/---

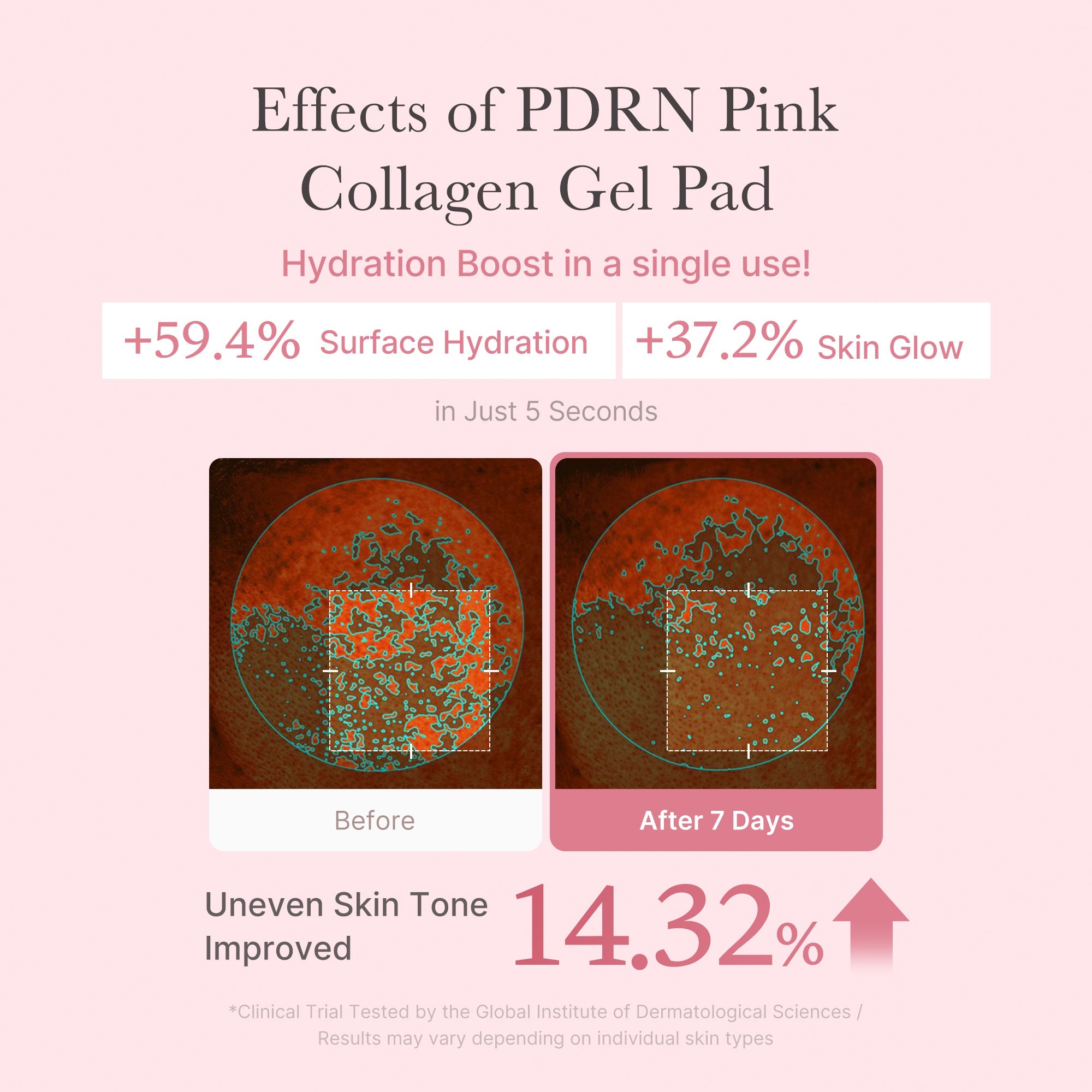 Ultra-thin jelly pads that target dark spots and refine uneven texture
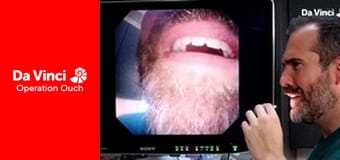 Операция "Ой!"! - Сделайте это дома - Глаза Операция "Ой!"! - Сделайте это дома - Глаза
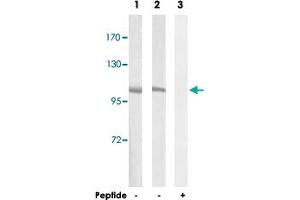 Western blot analysis of extracts from A-549 cells (Lane 1 and lane 3) and NIH/3T3 cells (Lane 2), using CNGB1 polyclonal antibody .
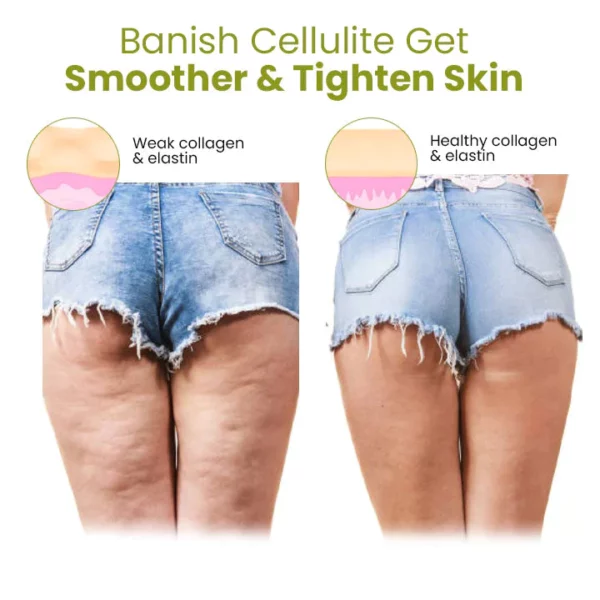 Oveallgo™ Pro HerbalFirm Patches zur Reduzierung von Cellulite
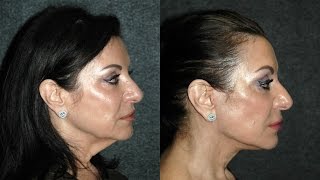 Lower Facelift Without Anesthesia lowerfacelift [upl. by Leirbag873]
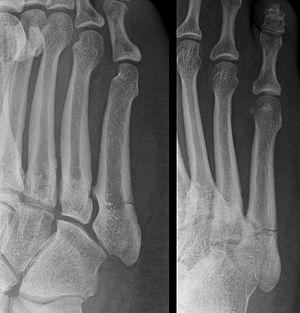 Cropped version of Jonesfracture.jpg
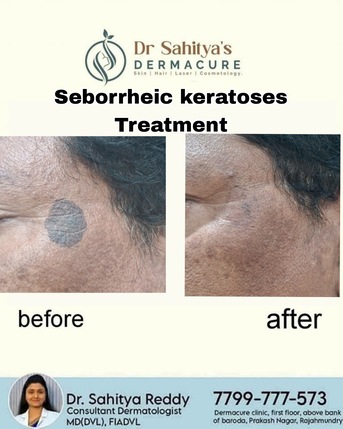 Kurnool, Health, Best Seborrheic Keratosis Treatment In Rajahmundry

\---

Pictures stay out; everything else in the listing above gets repeated exactly.

- _RESPONSE BOX_:
 Ultra-thin jelly pads that target dark spots and refine uneven texture
 Операция "Ой!"! - Сделайте это дома - Глаза Операция "Ой!"! - Сделайте это дома - Глаза
 Western blot analysis of extracts from A-549 cells (Lane 1 and lane 3) and NIH/3T3 cells (Lane 2), using CNGB1 polyclonal antibody .
 Oveallgo™ Pro HerbalFirm Patches zur Reduzierung von Cellulite
 Lower Facelift Without Anesthesia lowerfacelift [upl. by Leirbag873]
 Cropped version of Jonesfracture.jpg
 Kurnool, Health, Best Seborrheic Keratosis Treatment In Rajahmundry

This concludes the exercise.